Care consumers

To the editor:

A victory can be claimed by Kansas consumers of health care in Gov. Kathleen Sebelius’ veto of the bill that would have exempted many medical providers in our state from being accountable for faulty practice under the state’s Consumer Protection Act. This consumer protection, articulated clearly in a recent Kansas Supreme Court decision, is all many low- and moderate-income consumers of health care have to protect them from substandard health care in our state.

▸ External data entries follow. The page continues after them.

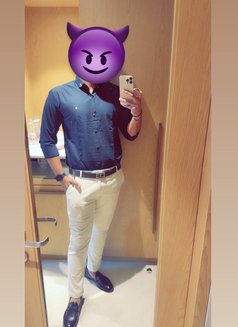 Dev Saxena - Male escort in Ahmedabad Photo 4 of 4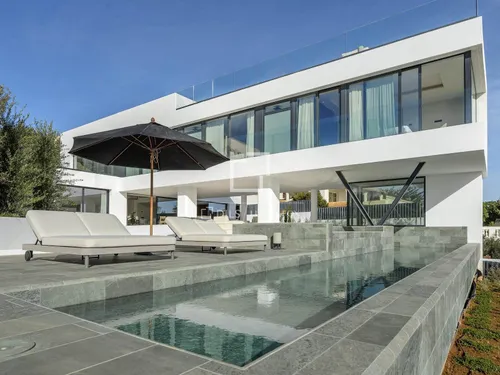 4 Bedrooms House / Villa in CL CAP NEGRET-VISTA ALEGRE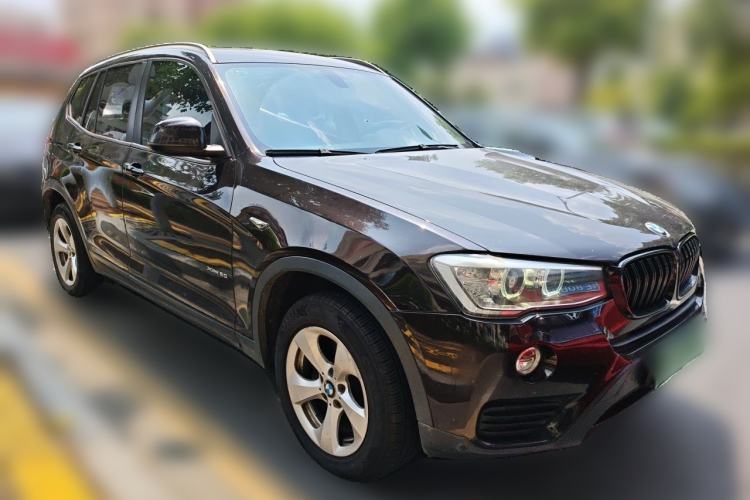 Used BMW X3 2014 xDrive20i Leading Model Front Right 45 Deg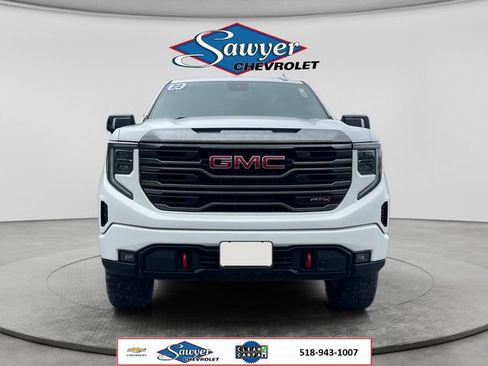 Used 2022 GMC Sierra 1500 AT4 w/ AT4 Preferred Package AWD/4WD image 8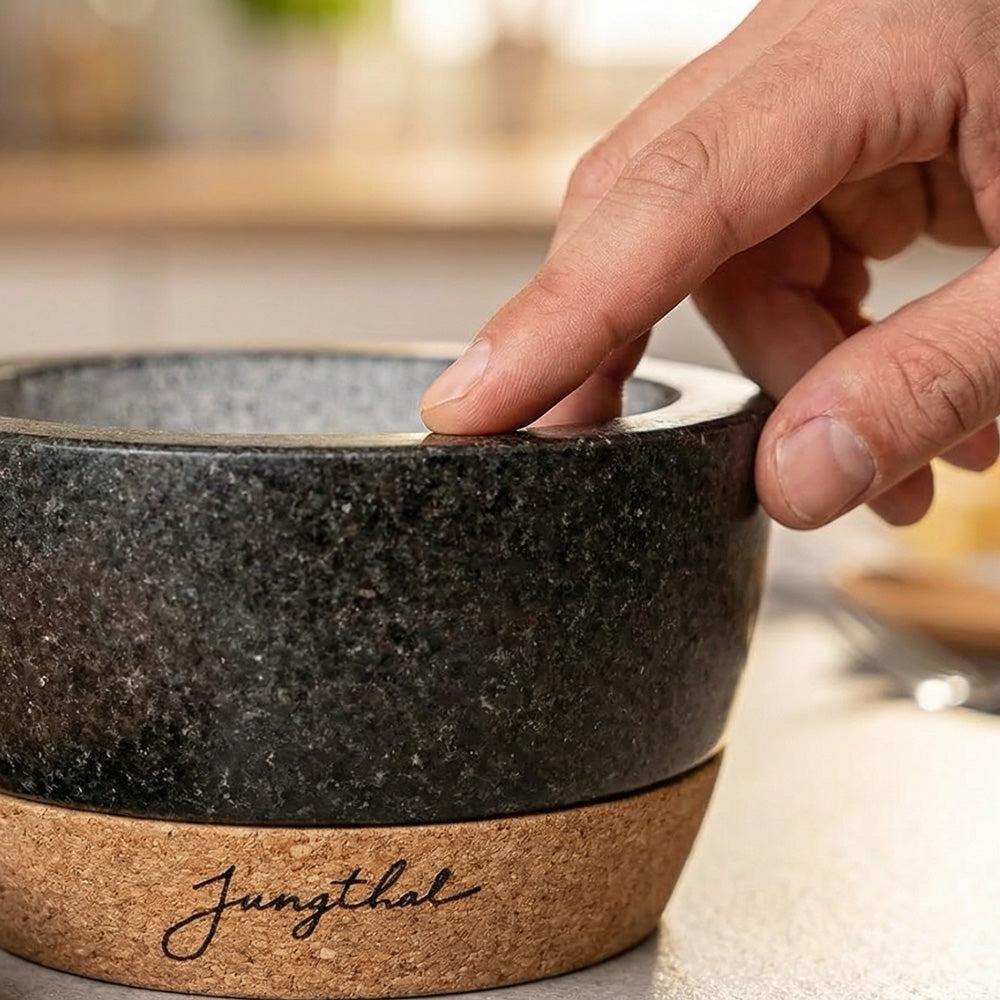 Hand berührt Mörserschale
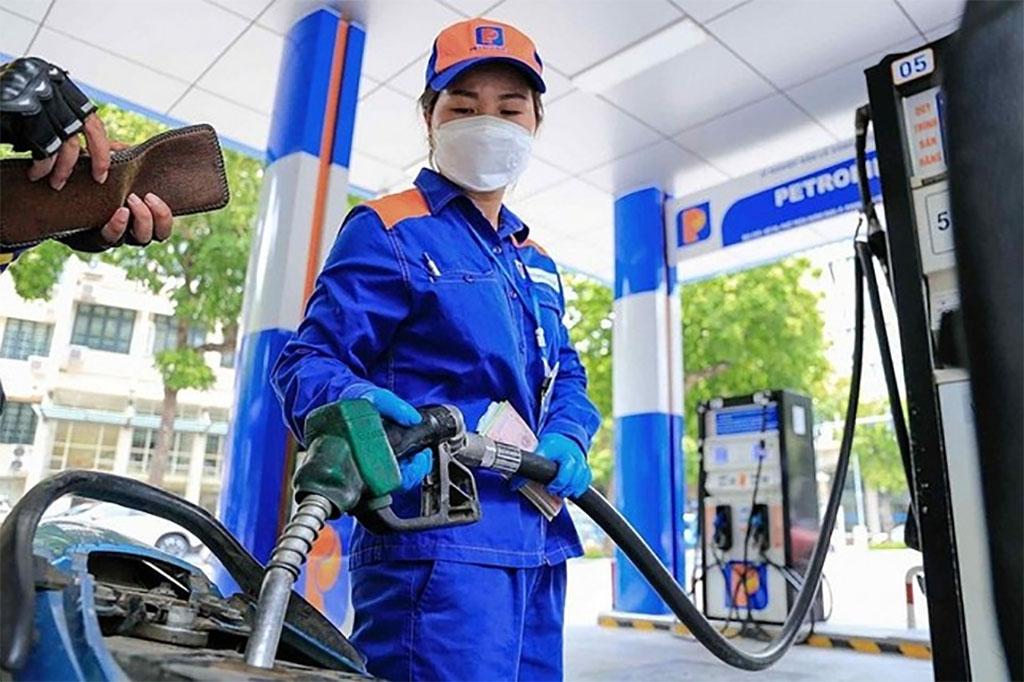 Doanh nghiệp sẽ bị rút giấy phép kinh doanh xăng dầu nếu không thực hiện hóa đơn điện tử trước 30/4.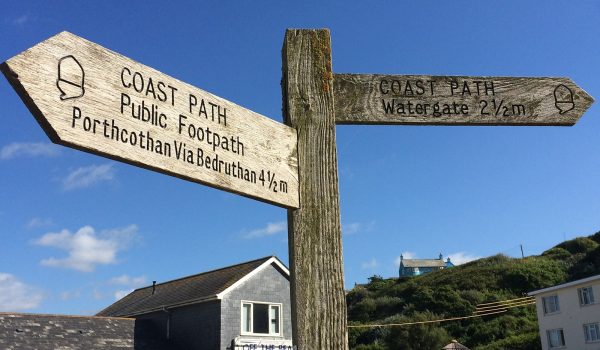 signpost at Mawgan Porth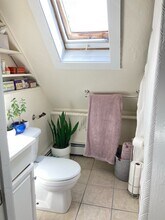 386 Highland Ave, Unit 3 in Somerville, MA - Building Photo - Building Photo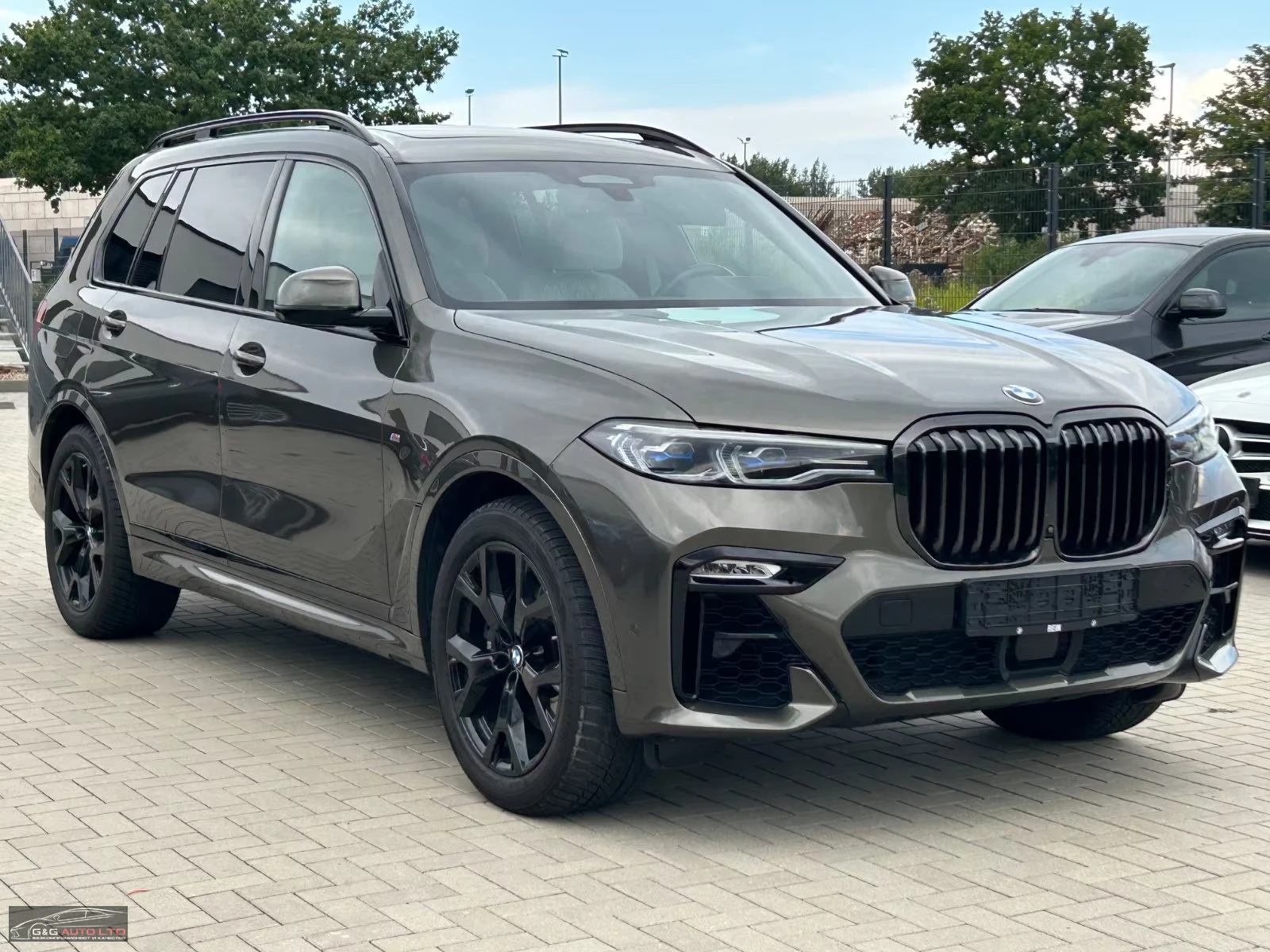 BMW X7 M50/530HP/xDRIVE/B&W/PANO/NAVI/LED/DIGITAL/756v - изображение 3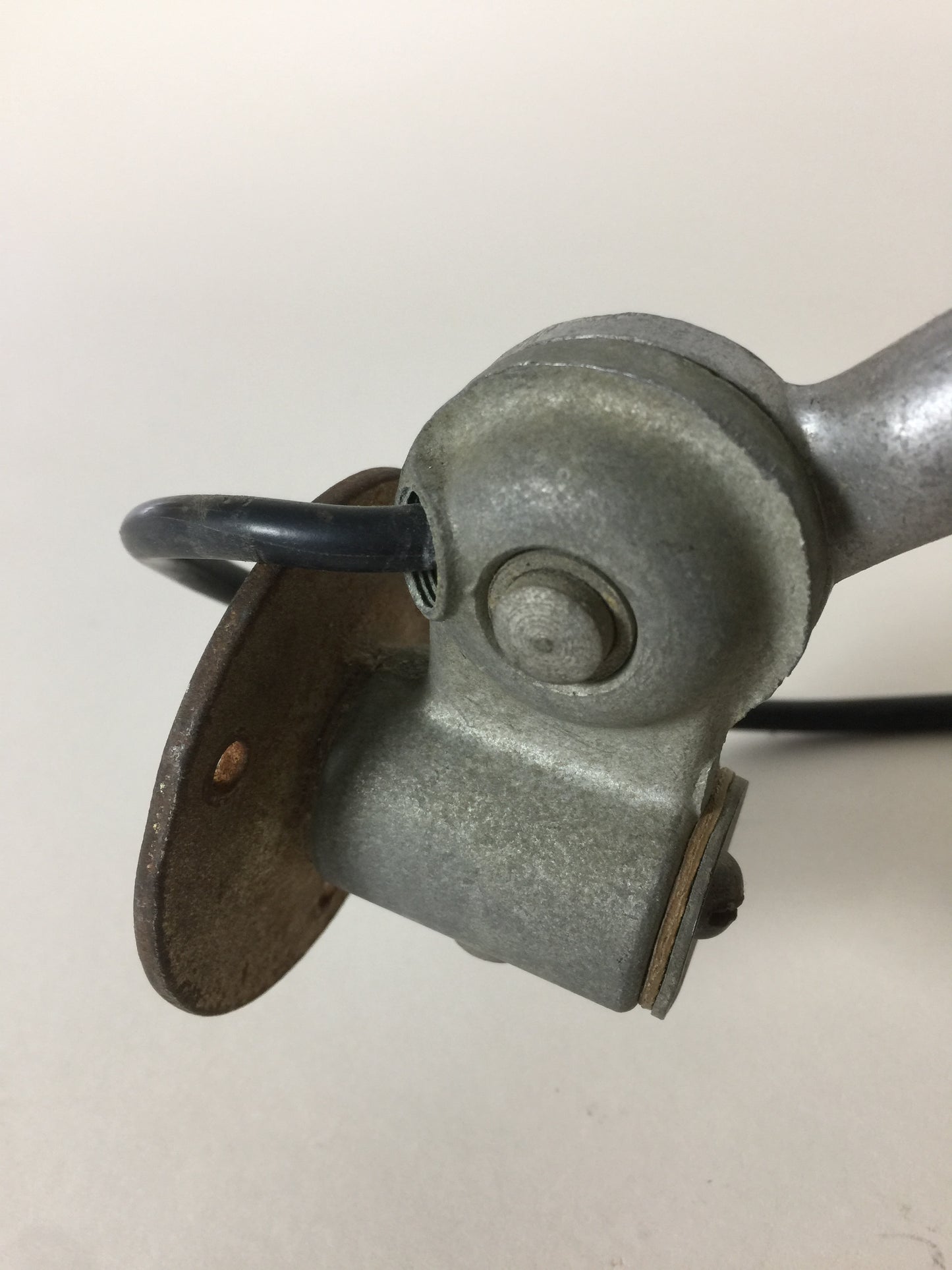 Sjælden og meget smuk industriel væglampe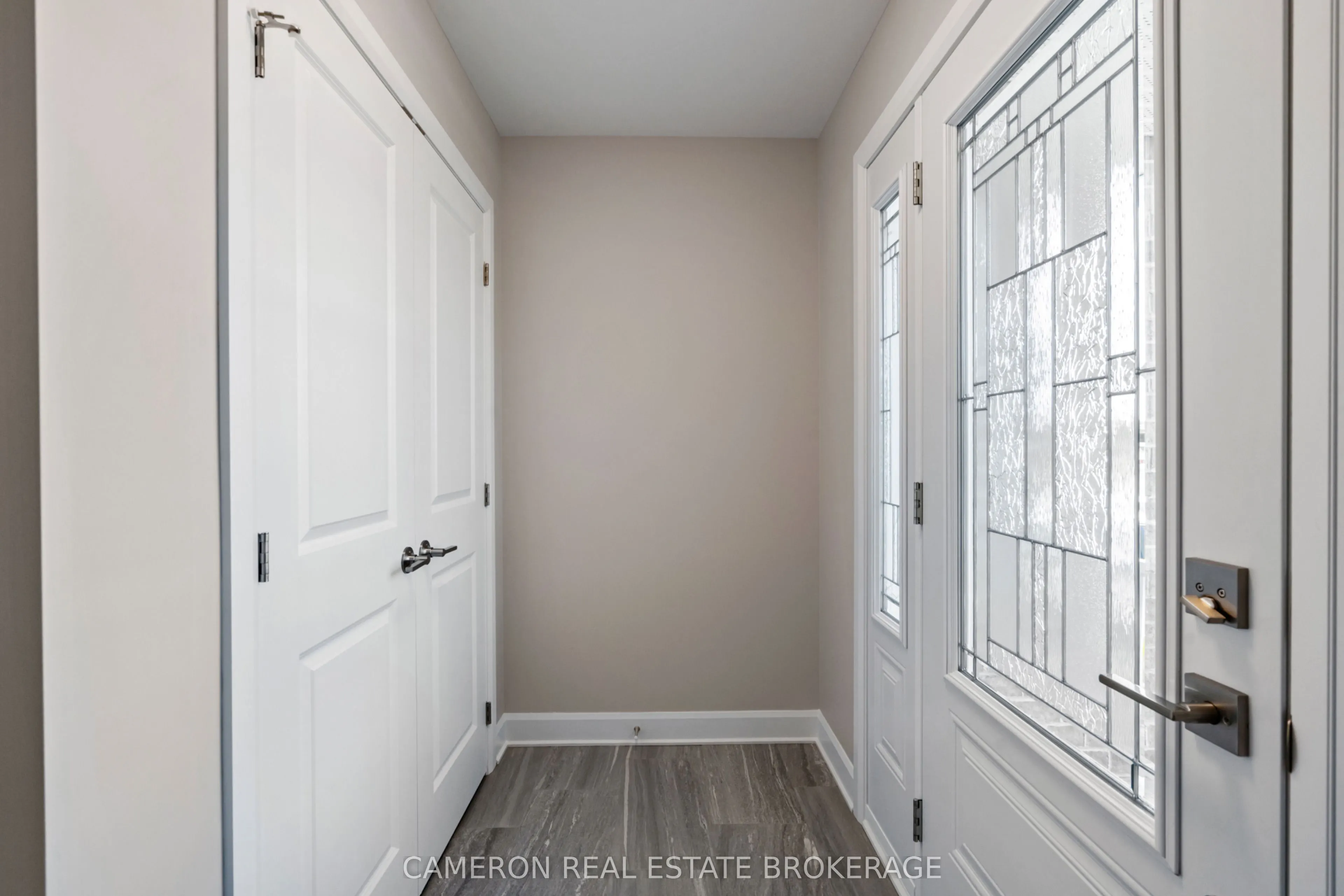 55 CLOVER Lane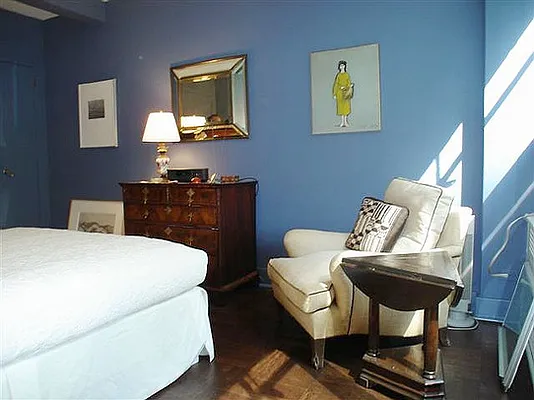 Sold by Stribling | media 3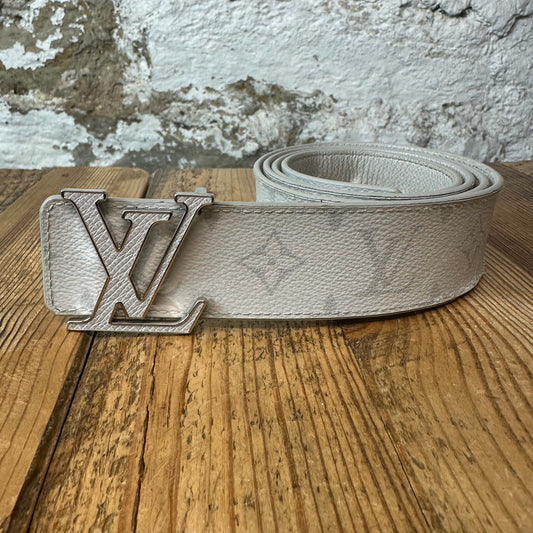 Louis Vuitton Taiga Monogram Belt Sz (100/40)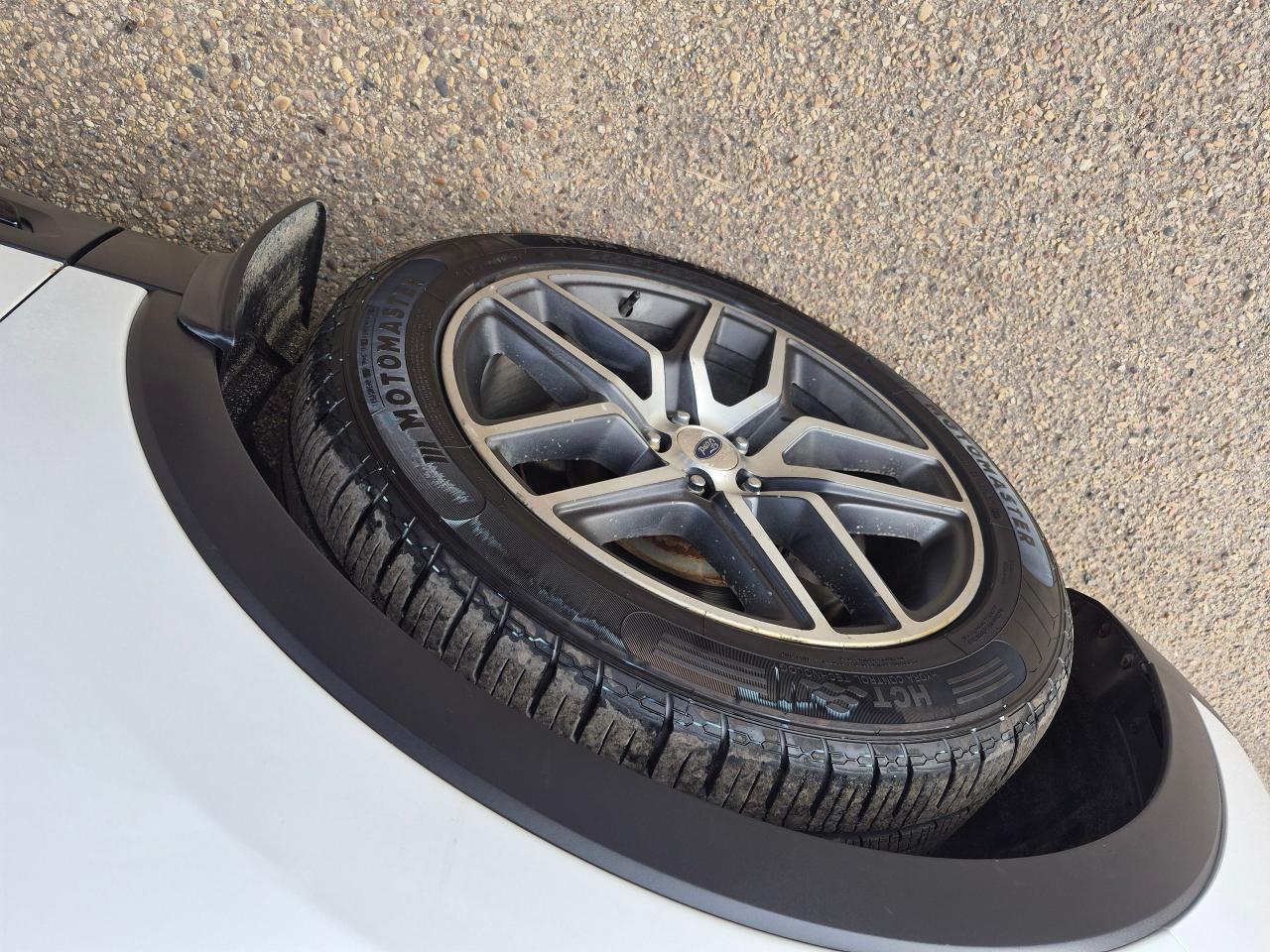 2016 Ford Explorer Sport 4x4 Leather, Sunroof, Remote, BU Cam Nav - Photo #12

The governor was able to understand some basic math on this issue in ways that members of the state’s provider associations couldn’t: Namely, we have an estimated 44,000 deaths in our country each year due to medical error, that most recent data show that medical malpractice accounts for less than 1 percent of all health care costs, that less than 5 percent of physicians account for more than 50 percent of malpractice claims, and that our state Board of Healing Arts, like other comparable organizations around the country, does little to weed out its “bad apples” by lax policing of its own ranks of health care professionals in the state, showing fewer than 60 disciplinary actions for the more than 21,000 licensed providers in 2006.

Additional thanks to AARP, Kansas Advocates for Better Care, the Kansas Health Consumer Coalition and the state Independent Living Council for having the courage to speak out on this issue while keeping the needs of Kansas health consumers uppermost in what they do.